-- Opening Marker --

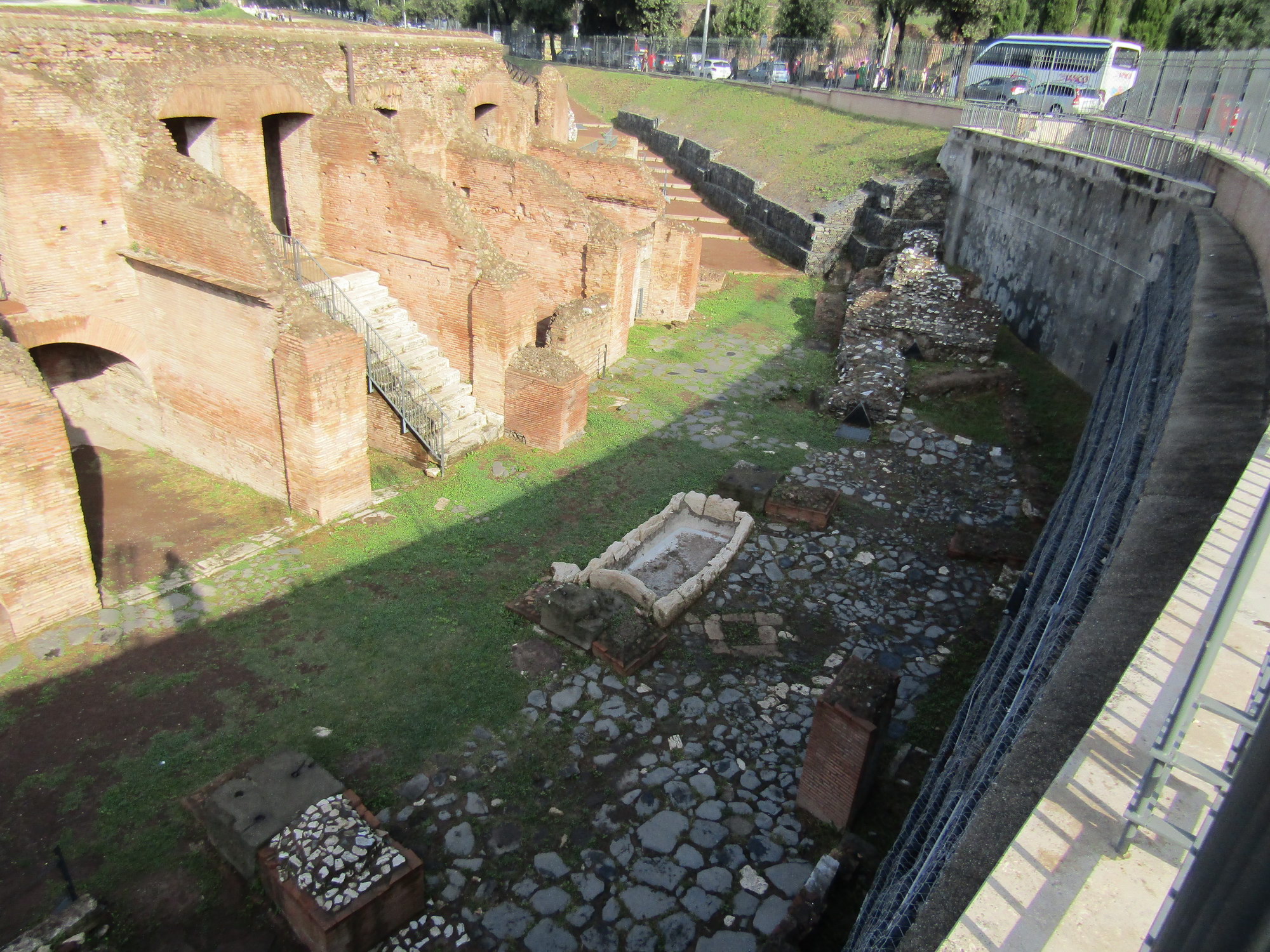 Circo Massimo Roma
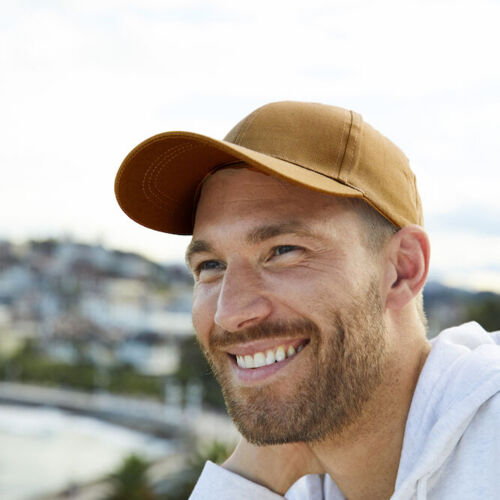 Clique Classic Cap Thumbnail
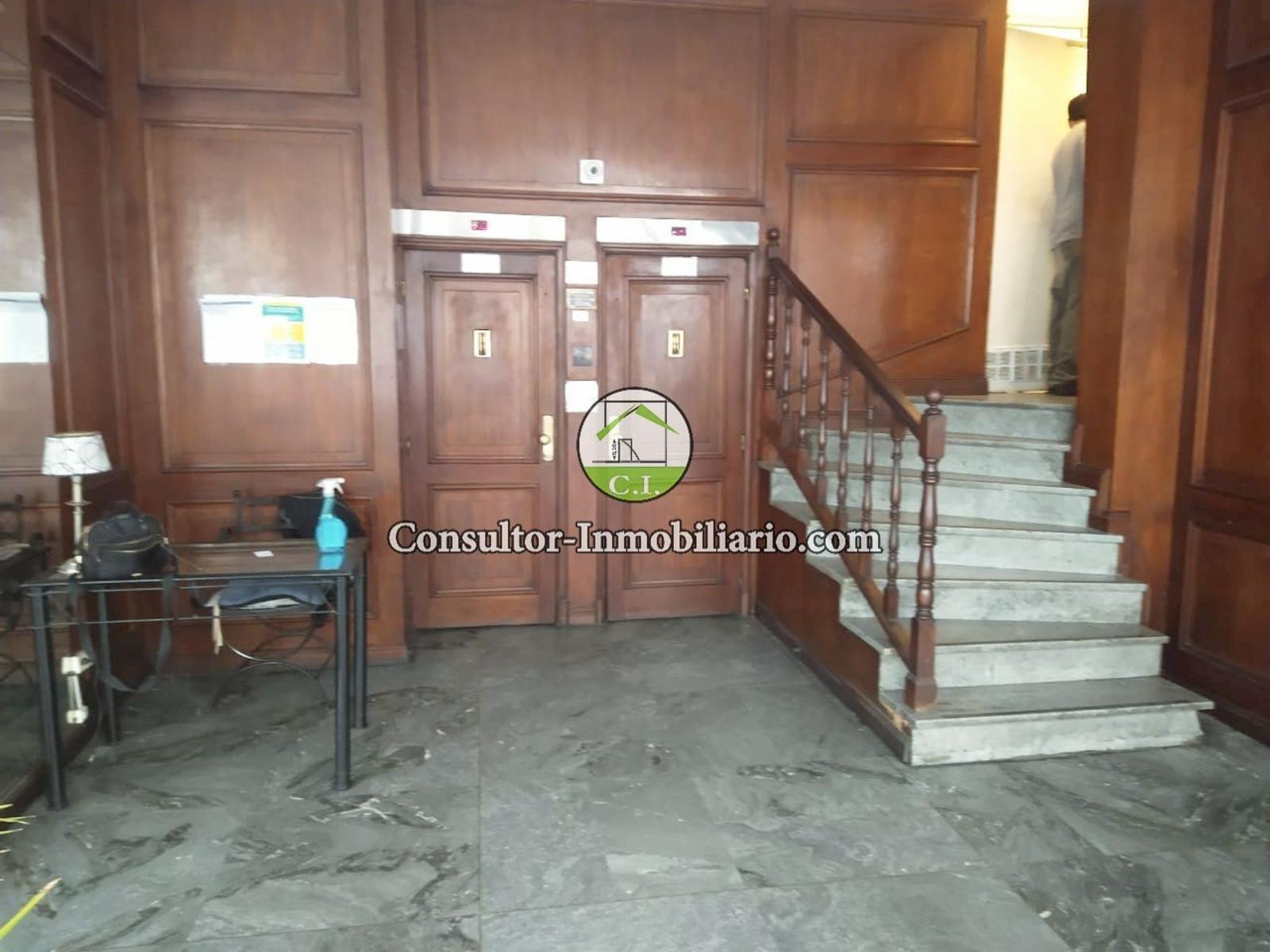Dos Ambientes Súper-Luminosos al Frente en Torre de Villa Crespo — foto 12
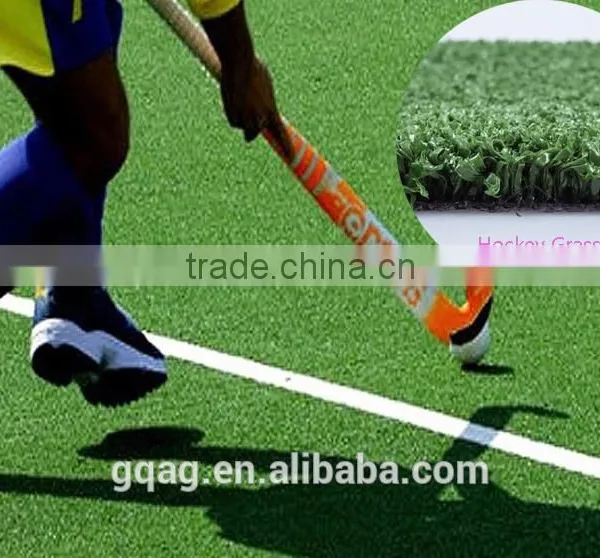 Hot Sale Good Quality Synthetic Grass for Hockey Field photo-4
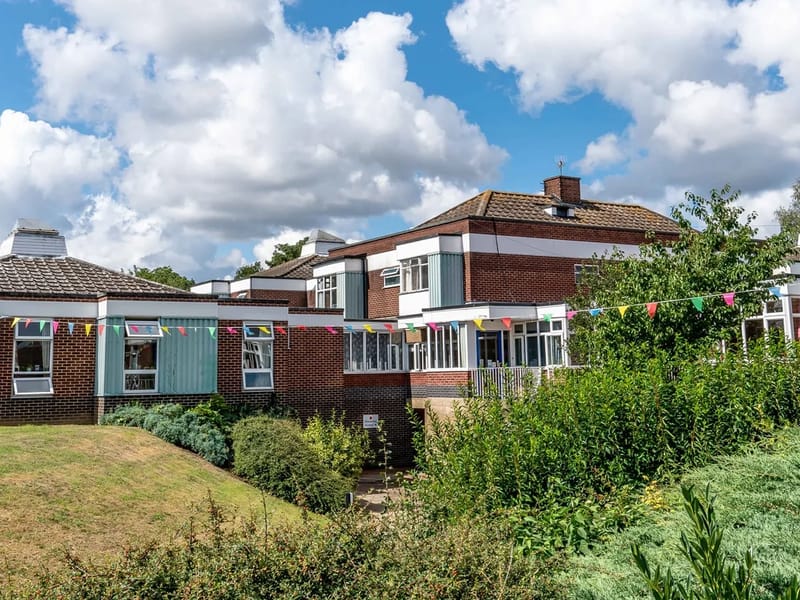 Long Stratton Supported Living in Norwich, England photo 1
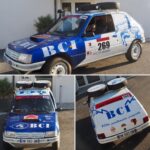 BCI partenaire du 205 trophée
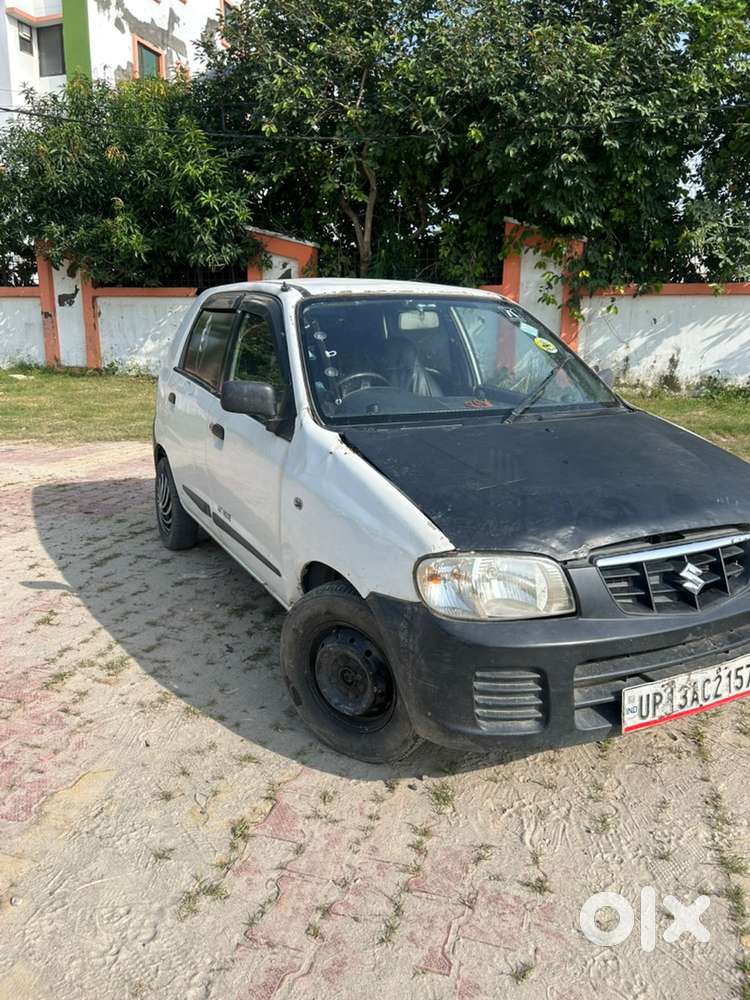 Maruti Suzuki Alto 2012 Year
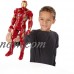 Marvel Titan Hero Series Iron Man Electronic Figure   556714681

-- Closing Marker --
-- Opening Marker --

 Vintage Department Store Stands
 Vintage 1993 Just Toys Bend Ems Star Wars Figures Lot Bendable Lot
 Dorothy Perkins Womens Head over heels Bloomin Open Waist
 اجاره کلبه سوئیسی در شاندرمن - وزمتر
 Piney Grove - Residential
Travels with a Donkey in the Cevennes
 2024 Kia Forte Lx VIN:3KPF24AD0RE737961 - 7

-- Closing Marker --

The problem:
Show every line of the material that includes the string "Vintage".

Solution below:
 Vintage Department Store Stands
 Vintage 1993 Just Toys Bend Ems Star Wars Figures Lot Bendable Lot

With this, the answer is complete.